A typical Pi standard curve is shown in Figure 1. Calculate Pi content of samples using the standard curve. Vanadate-sensitive ATP hydrolytic activity is determined by subtracting Pi content in the presence of vanadate from that in the absence of vanadate, and is expressed as nmol Pi/h/mg of protein.

  1. Calculate a slope of Pi standard curve.
    A750 = 0.0038 (Pi content [nmol]) + 0.0088
  2. Determine Pi content of samples from the slope.
    (Pi content [nmol]) = (A750 - 0.0088)/0.0038
  3. Subtract Pi content in the presence of vanadate from that in the absence of vanadate.
  4. Divide by the amount of protein (mg), and reaction time (h). The follow is an example of calculation.
    Pi content in the absence of vanadate = 10 nmol
    Pi content in the presence of vanadate = 5 nmol
    Reaction time = 0.5 h (30 min)
    Amount of protein = 0.02 mg (20 µg)
    Vanadate-sensitive ATP hydrolytic activity (nmol Pi/h/mg of protein)
    = ([Pi content in the absence of vanadate] - [Pi content in the presence of vanadate])/(reaction time)/(Amount of protein)
    = (10 - 5)/0.5/0.02 = 500 nmol Pi/h/mg of protein


    Figure 1. Standard curve generated by using known amounts of Pi.
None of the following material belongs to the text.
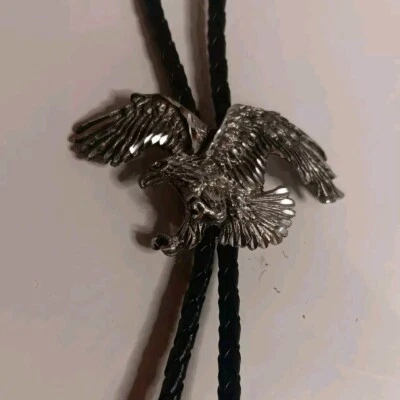 Flying Eagle 钻石切割锡制 Bolo 领带标记 EJC 95 美国制造 — 第 1/4 张图片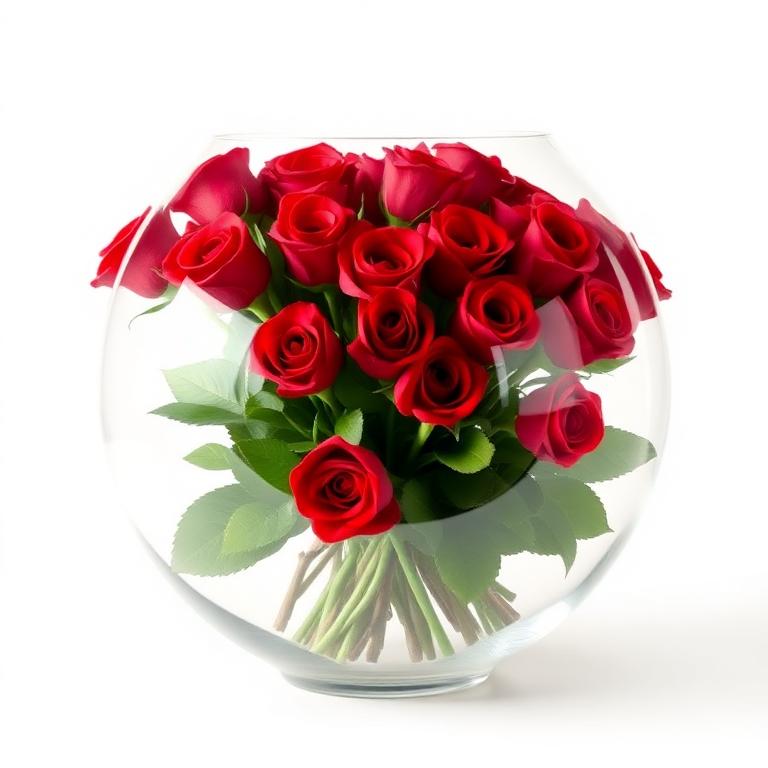 Aquário 20 Rosas Vermelhas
The absorption at 750 nm was measured.

Recipes

  1. DTT stock solution
    1 M DTT in sterile water
    Store at -20 °C in small aliquots
  2. Protease inhibitor solution
    200 mM PMSF and 4 mM leupeptin in DMSO
    Store at 4 °C in small aliquots
  3. Oligomycin solution
    5 mg/ml oligomycin in DMSO
    Store at -20 °C in small aliquots
  4. Homogenization buffer
    50 mM MOPS-KOH (pH 7.5)
    100 mM NaCl
    2.5 mM EDTA
    10 mM NaF
    5 mM DTT
    1 mM PMSF
    20 μM leupeptin
    Store at 4 °C. Add NaF, DTT, PMSF, and leupeptin just before use
  5. 2x ATPase buffer
    60 mM Tris-MES (pH 6.5)
    6 mM MgSO4
    100 mM KCl
    200 mM KNO3
    Store at 4 °C
  6. ATPase reaction buffer (freshly prepared)
    2x ATPase buffer supplemented with:
    1 mM ammonium molybdate
    10 μg/ml oligomycin
    0.1% (w/w) Triton X-100
    0.5 mM PMSF
    10 μM leupeptin
  7. ATP solution
    20 mM ATP in 1x ATPase buffer
    Solution should be aliquoted in small volumes to avoid freeze-thawing and can be stored at -80 °C for at least 6 months
  8. Vanadate solution (freshly prepared)
    10 mM sodium orthovanadate in 1x ATPase buffer
  9. Stop solution (freshly prepared)
    1.3% (w/v) SDS
    0.25% (w/v) sodium molybdate
    0.3 N H2SO4
  10. ANSA solution (freshly prepared)
    0.125% (w/v) 1-amino-2-naphthol-4-sulfonic acid (ANSA)
    15% (w/v) NaHSO3
    1% (w/v) Na2SO4
  11. Pi standard stock solution (freshly prepared)
    5 mM KH2PO4

Acknowledgments

This protocol is adapted from Okumura et al. (2016). This work was supported in part by Grants-in-Aid for Scientific Research from the Ministry of Education, Culture, Sports, Science and Technology, Japan (15H05956 and 15H04386 to T.K.) and by a Grant-in-Aid for JSPS fellows (253307 to M.O.).

References

  1. Bradford, M. M. (1976). A rapid and sensitive method for the quantitation of microgram quantities of protein utilizing the principle of protein-dye binding. Anal Biochem 72(1-2): 248-254.
  2. Kinoshita, T., Nishimura, M. and Shimazaki, K. (1995). Cytosolic concentration of Ca2+ regulates the plasma membrane H+-ATPase in guard cells of fava bean. Plant Cell 7(8): 1333-1342.
  3. Okumura, M., Inoue, S., Kuwata, K. and Kinoshita, T. (2016). Photosynthesis activates plasma membrane H+-ATPase via sugar accumulation. Plant Physiol 171(1): 580-589.
  4. Shimazaki, K. I. and Kondo, N. (1987). Plasma membrane H+-ATPase in guard-cell protoplasts from Vicia faba L. Plant Cell Physiol 28(5): 893-900.
  5. Uemura, M. and Yoshida, S. (1986). Studies on freezing injury in plant cells: II. Protein and lipid changes in the plasma membranes of Jerusalem artichoke tubers during a lethal freezing in vivo. Plant Physiol 80(1): 187-195. 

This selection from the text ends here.